Aging infrastructure points to the need of defining a plan of action, Ms. Korte says.

“Is that a general obligation bond measure every five years? Or every 10 years? What can the community accept and how can we move forward in better planning in our community?” she asked.

“If this sales tax doesn’t pass I believe it’s incumbent upon staff and council to look at the services we provide and cut the cost of services to put back into infrastructure.”

Ms. Korte pointed to annual events like Mighty Mud Mania, special needs services and after-school programs as examples of general funding areas for the city.

“If we do not fund capital projects we’re going to have to look at services and start tightening our belt,” she said.

The No. 1 infrastructure issue for Scottsdale is Scottsdale Stadium, Ms. Korte says, noting that it could cost up to $50 million-$65 million to bring the stadium up to current standards and expectations. “The impact of that is $28 million to Scottsdale alone per year. I can’t imagine what that would do if the Giants decided to move to this land, Salt River-Pima Maricopa Indian Community,” she said.
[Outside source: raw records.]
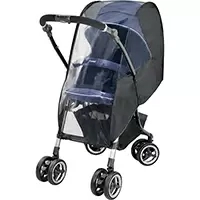 マルチフィットレインカバーZC ブラック Combi コンビ ベビーカー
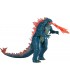 Figura Godzilla Original con Rayo de Calor Godzilla x Kong: The New Empire 15 cms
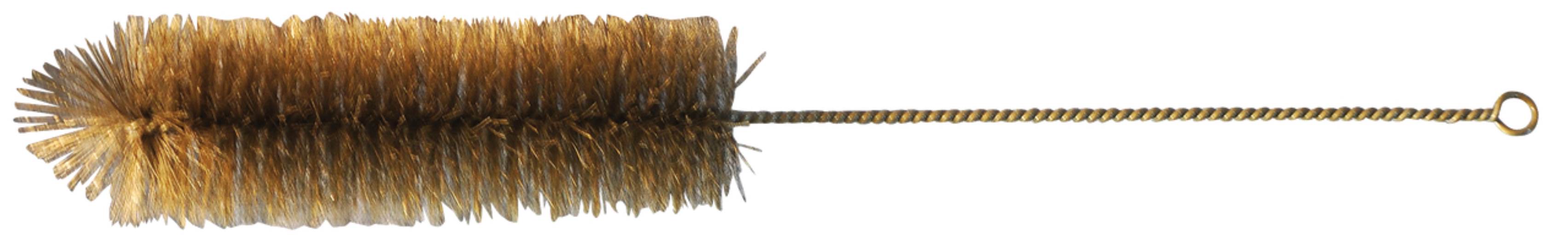 KS Tools 963.9594 BRONZEplus Zylinderbürste, Draht, gewellt, 300 mm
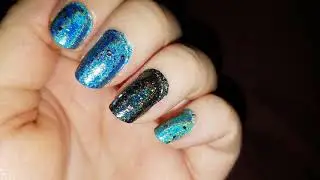 Halo nail polish #Holosexual #holographic #holo4ever #holo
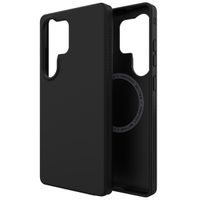 ZAGG Coque Milan Snap avec MagSafe Samsung Galaxy S25 - Noir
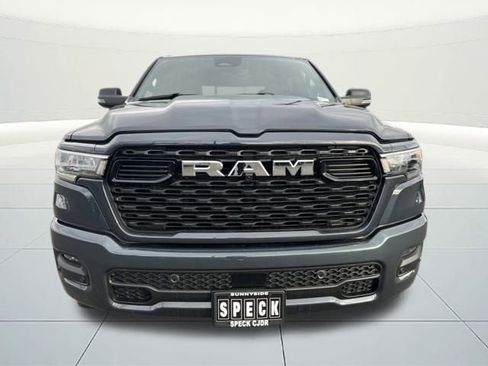 New 2026 RAM 1500 Big Horn image 8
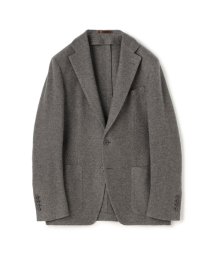 TOMORROWLAND MENS(TOMORROWLAND MENS)/カシミヤジャージー シングルブレステッド2Bジャケット LORO PIANA/17チャコールグレー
Mr. Phillips says he can’t pick a No. 1 infrastructure issue.

“I look at it is more as the big ticket items, like I said before, that we’ll never be able to have the money for unless the voters approve a bond,” he said. “The big major items: the Giants, Scottsdale mall, Indian Bend Wash — those things need to be passed by the voters.”

Mr. Smith says his No. 1 need, in a broad sense, is the roads and specifically 68th Street bridge.

“Probably if I were to pick the No. 1 infrastructure need it would be the 68th Street bridge that we’ve all talked about. For all I know it’s collapsed while we were here talking,” he said.

“But in a longer and broader sense I think the infrastructure needs are the ones that will protect our major industry and protect the cache of the city that we all moved here to enjoy.”